Why did the shuttle's foam insulation flake off? In response to an edict from the EPA, NASA was required to change the design of the thermal insulating foam on the shuttle's external tank. They stopped using Freon, or CFC-11, in order to comply with the 1987 Montreal Protocol, an agreement designed to head off doubtful prognostications of an environmental disaster.

But it was the elimination of the old foam that led to a real disaster for the shuttle program. The maiden flight with the new foam, in 1997, resulted in a ten-fold increase to foam-induced tile damage. The new foam was far more dangerous than the old foam. But NASA--a government organization afraid of antagonizing powerful political interests--did not reject the EPA's demands and thoroughly reverse their fatal decision. Instead, they sought a compromise, applying for a waiver from the EPA that allowed them to use the old foam on some parts of the external tank.

...


This is not the first time that has happened. The cause of the 1986 Challenger explosion is officially established as hot gases burning through an O-ring joint in one of the solid-rocket boosters. NASA was roundly criticized for its decision to launch in cold weather over the objection of some engineers, but there was a deeper cause that was not as widely reported.

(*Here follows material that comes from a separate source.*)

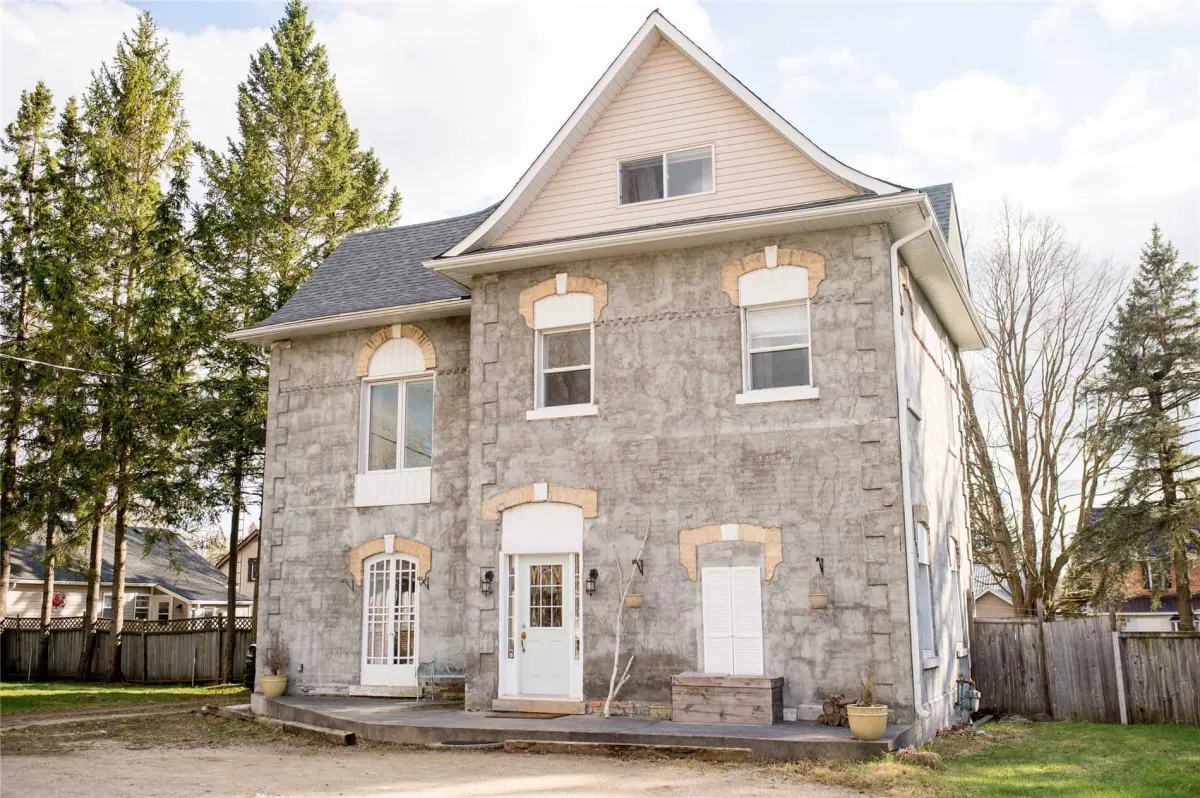 Detached 2-storey century home in Dundalk, Ontario
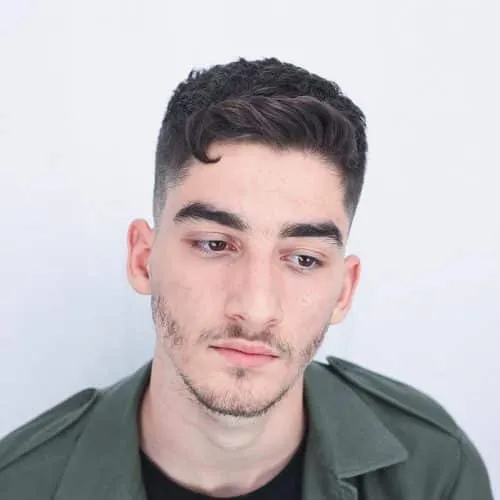 Šoninis kvalifikuotas Quiffas' title=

In 1985 NASA had switched to a new putty to seal the O-ring joints. The new putty became brittle at cold temperatures, thus allowing Dr. Richard Feynman to teach NASA a famous lesson. At the congressional hearing investigating the accident, he simply placed some of the O-ring putty in a glass of ice water and crumbled it in his fingers.

NASA had changed the sealant because its original supplier for O-ring putty stopped producing it for fear of anti-asbestos lawsuits.

And so we have lost not one, but two space shuttles as a result of governmental abuse of power forcing space engineers to employ inferior materials in a situation that is, to grossly understate, unforgiving of error.

Another writer with experience at NASA, Felipe Sediles at d'Anconia Online, makes this observation when commenting on recent Fox News coverage of foam difficulties in the current shuttle mission.

Mindlessness, of course, breeds mindlessness. Engineers whom become accustomed to adjusting their judgment to the whims of politicians soon start doing the same with the aid of their own whims. Thus the whim of deciding to not modify the section where foam fell off of the recent Discovery launch.

It was not modified, nor analyzed, because they had not witnessed foam fall off of that section in the past. Yet, had they ever had the capacity to observe foam falling off through the entirety of the flight, or to check the ET after the fact? No. Did they even run tests on this section to see if foam could fall off? No. So a willful blindness, a "if it ain't broke, don't fix it" approach coupled with the refusal to verify the health of equipment led to an utter failure to fix the [external tank].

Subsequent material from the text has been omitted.